A 1/f fluctuation numerical sequence is usually obtained in two steps. In a first step, a computer, for example, generates a sequence of random numbers. In a second step, a certain number n of coefficients a - which are stored in a memory device - are successively multiplied with the random numbers, and then, by a linear transformation, a sequence of numerical values y is obtained. This numerical sequence has a 1/f spectrum, and can be used as a 1/f numerical sequence.

In this context, a melody having a 1/f fluctuation can be generated from this sequence of numerical values y having a 1/f sequence. For this purpose, at first the scale and the range with a lowest frequency fL and a highest frequency fU are determined. Then, a 1/f sequence of y values is derived, and a linear transformation is performed so that the upper and lower limits become the lowest frequency fL and the highest frequency fU, respectively. The values of the sequence y so derived are regarded as acoustic frequencies, and are substituted for the frequency of the music scale they most closely approximate.

In other words, they are arranged, for example, as quarter notes, between or on the lines of a staff on music paper. Fig. 8 of the drawings shows a portion of a melody derived using this method. An example of a numerical sequence derived by assigning numerical values corresponding to the notes of the melody shown in Fig. 8, wherein a value of 1 is given to the reference note, is shown in Fig. 9 of the drawings.

The yarn feed unit 2 adjusts the amount of yarn 22 which is fed to the knitting needles 31. From the controller unit 6, 1/f fluctuation signals are supplied to the yarn feed unit 2 in order to control the yarn feed motor 26 which rotates the IRO tape 24. Also, the stitch motor 47 of the stitch mechanism 4 is controlled by 1/f fluctuation signals synchronized with the feed motor 26, wherein the stitch mechanism 4 moves the needles 31 up and down with a 1/f fluctuation. All the needles 31 arranged around the circumference of the needle cylinder 38 move up and down with this 1/f fluctuation. As a result, along the width of the fabric 51 fabricated thereby, the mesh along the entire width is uniformly enlarged or uniformly compacted, while along the length of the fabric 51, the density of the loops has a 1/f fluctuation.

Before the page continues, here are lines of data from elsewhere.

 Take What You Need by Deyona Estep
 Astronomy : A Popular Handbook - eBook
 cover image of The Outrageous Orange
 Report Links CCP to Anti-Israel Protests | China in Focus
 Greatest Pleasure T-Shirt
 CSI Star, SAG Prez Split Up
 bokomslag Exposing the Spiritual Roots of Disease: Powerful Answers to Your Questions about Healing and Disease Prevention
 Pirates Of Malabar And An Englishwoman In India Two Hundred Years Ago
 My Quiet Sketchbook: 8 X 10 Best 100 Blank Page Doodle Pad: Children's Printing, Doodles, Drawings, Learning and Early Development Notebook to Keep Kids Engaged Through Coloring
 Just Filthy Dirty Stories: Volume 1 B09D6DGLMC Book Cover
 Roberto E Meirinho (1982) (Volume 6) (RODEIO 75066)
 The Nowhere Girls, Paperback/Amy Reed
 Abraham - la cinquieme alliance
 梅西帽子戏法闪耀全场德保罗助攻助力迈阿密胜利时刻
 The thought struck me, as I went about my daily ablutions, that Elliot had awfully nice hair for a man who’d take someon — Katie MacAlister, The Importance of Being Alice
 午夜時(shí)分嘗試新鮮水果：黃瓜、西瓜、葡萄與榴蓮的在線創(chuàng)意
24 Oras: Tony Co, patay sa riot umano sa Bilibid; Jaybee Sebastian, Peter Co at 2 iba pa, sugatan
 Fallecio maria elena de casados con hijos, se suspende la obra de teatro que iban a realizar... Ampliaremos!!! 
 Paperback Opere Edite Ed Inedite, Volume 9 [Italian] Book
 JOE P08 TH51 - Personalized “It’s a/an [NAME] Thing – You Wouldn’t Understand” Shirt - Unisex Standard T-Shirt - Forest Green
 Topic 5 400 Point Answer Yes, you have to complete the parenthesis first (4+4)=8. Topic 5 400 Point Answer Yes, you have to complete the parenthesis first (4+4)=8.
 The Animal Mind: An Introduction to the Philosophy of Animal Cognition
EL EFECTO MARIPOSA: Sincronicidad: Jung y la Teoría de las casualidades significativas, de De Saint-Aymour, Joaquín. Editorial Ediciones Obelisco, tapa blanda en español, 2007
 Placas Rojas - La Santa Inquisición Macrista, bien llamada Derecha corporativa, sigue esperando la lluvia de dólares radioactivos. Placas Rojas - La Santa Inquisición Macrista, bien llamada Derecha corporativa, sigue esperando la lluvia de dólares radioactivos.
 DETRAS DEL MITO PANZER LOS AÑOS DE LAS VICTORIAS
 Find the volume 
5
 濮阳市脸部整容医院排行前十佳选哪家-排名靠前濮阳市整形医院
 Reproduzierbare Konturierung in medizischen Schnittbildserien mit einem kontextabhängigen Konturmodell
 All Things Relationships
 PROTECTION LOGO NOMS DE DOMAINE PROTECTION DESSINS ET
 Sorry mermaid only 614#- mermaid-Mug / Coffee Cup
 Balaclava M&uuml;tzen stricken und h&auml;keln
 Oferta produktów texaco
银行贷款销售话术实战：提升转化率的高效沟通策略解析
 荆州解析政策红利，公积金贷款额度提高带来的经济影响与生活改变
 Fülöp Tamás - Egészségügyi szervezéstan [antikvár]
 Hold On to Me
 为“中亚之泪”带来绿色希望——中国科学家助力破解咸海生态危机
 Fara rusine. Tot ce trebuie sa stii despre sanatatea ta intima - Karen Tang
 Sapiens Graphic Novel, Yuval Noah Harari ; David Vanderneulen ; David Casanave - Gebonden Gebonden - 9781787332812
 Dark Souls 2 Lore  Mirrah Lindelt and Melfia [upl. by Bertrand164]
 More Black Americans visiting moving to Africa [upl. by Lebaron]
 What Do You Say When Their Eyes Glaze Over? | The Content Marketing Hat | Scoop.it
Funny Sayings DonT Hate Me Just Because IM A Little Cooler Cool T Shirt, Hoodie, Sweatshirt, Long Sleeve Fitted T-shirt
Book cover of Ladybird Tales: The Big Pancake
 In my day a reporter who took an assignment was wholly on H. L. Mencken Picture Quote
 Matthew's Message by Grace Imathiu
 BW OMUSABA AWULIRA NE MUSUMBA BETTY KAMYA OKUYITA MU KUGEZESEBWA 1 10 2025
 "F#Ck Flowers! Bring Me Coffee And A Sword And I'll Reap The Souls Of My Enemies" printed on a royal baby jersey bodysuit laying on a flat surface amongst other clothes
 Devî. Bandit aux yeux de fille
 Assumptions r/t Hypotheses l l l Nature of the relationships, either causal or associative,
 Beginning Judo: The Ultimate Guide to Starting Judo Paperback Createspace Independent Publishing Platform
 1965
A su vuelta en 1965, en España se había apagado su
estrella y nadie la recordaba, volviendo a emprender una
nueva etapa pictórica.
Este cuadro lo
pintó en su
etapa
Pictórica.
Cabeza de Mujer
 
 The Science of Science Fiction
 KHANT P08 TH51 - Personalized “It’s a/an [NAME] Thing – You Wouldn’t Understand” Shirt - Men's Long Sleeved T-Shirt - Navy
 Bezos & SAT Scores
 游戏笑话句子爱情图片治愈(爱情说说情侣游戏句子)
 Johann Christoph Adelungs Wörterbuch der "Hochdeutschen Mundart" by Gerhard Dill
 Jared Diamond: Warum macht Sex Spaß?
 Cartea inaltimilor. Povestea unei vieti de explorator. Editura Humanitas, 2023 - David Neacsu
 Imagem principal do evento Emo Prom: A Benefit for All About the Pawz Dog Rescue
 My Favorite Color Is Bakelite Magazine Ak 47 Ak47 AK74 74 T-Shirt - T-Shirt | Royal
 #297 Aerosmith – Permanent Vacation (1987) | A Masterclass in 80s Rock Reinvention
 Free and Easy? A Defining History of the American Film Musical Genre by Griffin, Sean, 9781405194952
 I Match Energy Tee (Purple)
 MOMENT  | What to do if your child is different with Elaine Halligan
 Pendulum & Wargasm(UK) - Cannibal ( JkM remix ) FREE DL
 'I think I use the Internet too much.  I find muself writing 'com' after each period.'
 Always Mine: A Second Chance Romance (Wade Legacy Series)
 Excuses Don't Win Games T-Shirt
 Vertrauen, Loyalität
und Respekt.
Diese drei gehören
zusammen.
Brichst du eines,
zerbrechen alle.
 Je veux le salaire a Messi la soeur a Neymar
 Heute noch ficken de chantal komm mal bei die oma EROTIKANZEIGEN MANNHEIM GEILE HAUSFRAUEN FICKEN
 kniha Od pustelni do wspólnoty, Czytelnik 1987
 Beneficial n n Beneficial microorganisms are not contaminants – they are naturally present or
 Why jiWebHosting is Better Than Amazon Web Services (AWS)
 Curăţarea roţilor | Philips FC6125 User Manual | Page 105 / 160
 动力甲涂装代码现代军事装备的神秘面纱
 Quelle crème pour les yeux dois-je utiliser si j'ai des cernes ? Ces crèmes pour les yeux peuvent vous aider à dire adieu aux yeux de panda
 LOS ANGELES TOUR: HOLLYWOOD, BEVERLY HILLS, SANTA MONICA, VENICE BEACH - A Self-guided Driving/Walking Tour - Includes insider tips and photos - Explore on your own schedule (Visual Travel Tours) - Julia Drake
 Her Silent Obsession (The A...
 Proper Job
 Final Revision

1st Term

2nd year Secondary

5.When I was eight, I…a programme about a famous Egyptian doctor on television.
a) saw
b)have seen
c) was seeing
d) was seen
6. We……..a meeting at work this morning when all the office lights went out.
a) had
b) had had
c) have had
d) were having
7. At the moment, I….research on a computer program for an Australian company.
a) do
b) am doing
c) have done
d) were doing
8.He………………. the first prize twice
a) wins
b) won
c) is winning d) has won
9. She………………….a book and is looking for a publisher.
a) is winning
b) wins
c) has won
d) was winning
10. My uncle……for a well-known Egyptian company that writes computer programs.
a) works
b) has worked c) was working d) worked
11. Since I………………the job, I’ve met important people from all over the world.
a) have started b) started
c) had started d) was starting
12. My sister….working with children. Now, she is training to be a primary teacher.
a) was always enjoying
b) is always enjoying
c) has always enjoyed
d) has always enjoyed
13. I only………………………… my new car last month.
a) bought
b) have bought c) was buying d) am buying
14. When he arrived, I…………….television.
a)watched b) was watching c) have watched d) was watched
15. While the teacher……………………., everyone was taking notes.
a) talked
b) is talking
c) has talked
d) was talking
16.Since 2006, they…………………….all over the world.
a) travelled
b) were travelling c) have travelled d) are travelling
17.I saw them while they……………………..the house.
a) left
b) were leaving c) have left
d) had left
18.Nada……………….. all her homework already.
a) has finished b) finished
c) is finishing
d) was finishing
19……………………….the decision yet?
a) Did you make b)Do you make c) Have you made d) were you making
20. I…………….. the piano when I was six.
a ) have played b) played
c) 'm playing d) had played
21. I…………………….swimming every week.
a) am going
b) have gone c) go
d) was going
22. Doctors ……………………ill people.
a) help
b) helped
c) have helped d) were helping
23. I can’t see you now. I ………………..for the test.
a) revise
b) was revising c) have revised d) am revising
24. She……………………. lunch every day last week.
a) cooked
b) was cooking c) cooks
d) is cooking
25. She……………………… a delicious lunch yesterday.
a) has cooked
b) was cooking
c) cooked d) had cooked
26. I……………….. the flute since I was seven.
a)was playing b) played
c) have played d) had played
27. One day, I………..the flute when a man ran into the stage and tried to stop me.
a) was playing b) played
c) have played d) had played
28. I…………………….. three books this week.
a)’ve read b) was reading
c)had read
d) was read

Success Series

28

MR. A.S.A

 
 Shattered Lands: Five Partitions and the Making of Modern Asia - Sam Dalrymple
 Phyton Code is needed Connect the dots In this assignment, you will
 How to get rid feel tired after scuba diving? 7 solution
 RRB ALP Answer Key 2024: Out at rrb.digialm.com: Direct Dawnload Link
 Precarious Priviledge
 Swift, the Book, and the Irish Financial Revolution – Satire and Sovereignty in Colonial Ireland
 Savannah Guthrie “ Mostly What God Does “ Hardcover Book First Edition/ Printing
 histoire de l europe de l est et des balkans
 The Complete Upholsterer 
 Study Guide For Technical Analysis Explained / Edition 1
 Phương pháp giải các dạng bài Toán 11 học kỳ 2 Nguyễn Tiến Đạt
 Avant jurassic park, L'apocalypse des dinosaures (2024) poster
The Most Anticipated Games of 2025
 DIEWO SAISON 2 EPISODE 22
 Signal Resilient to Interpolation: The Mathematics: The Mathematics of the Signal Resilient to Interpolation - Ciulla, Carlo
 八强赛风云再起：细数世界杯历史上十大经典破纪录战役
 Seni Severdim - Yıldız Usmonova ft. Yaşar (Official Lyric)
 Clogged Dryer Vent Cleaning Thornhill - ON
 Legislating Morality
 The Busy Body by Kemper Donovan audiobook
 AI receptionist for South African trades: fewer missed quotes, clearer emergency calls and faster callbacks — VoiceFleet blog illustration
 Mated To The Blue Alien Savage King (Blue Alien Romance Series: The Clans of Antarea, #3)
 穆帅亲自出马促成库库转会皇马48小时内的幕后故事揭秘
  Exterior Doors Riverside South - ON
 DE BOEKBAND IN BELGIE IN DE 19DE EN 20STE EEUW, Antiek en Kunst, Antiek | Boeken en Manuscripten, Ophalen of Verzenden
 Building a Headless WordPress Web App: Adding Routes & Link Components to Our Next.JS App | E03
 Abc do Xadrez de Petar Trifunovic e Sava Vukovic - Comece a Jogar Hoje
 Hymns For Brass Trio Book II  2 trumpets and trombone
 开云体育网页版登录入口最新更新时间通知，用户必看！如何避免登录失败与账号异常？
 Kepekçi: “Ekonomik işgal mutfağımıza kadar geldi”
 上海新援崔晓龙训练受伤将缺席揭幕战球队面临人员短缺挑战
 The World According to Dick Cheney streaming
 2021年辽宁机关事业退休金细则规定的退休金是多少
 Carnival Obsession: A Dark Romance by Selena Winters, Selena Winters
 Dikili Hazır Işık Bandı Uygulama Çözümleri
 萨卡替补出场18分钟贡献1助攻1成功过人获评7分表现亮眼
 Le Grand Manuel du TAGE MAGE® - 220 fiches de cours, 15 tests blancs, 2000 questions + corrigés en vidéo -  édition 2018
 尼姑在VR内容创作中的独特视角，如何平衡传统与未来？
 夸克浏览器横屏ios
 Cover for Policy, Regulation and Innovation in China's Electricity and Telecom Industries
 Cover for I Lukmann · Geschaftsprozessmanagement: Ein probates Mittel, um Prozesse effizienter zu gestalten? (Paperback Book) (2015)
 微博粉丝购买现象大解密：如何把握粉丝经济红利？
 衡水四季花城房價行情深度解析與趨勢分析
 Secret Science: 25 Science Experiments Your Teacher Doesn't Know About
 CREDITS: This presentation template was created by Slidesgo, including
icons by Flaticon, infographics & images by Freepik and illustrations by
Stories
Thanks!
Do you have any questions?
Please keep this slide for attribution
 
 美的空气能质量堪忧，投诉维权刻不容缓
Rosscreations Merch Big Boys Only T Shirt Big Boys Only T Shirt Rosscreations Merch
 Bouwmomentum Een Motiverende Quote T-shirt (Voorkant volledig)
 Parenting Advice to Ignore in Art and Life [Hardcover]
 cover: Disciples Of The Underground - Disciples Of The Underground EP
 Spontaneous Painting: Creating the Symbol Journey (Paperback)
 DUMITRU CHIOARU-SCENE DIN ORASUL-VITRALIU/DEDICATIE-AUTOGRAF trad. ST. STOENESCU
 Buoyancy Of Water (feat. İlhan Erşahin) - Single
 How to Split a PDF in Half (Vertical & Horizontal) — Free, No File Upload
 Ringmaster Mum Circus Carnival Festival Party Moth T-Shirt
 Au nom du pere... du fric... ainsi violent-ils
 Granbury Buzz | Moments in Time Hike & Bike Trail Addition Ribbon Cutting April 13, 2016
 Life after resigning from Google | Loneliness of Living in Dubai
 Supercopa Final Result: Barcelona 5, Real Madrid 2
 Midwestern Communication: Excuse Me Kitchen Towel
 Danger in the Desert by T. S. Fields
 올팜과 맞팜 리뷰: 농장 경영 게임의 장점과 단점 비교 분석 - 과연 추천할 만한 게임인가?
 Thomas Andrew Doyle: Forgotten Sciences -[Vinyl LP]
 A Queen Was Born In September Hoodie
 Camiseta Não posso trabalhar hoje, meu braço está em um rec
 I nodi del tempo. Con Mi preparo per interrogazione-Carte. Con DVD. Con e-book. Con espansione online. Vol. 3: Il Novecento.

The knitted fabric 51 is obtained using a yarn feed speed having a 1/f fluctuation derived from the numerical sequence with a 1/f fluctuation, as shown for example in Fig. 9 of the drawings. The yarn feed speed is expressed as the length in mm per 100 wales. In this embodiment, the number 13 of the numerical sequence is set to correspond to 285 mm/100 wales, whereas the number 2 of the numerical sequence is set to correspond to 225 mm/100 wales.

The intervening values 3 to 12 of the numerical sequence are computed proportionally to derive the feed speed of Fig. 9. The yarn feed speed is set to correspond in this manner for each revolution of the needle cylinder 38, and the stitch mechanism 4 and the yarn feed speed of the yarn feed unit 2 are controlled to be in synchronization, thereby imparting a 1/f fluctuation to the knitted fabric 51. A knitted fabric 51, obtained in this manner using a cotton thread comber 30/1 and forming a dappled purl knit, is shown in Fig. 10 of the drawings.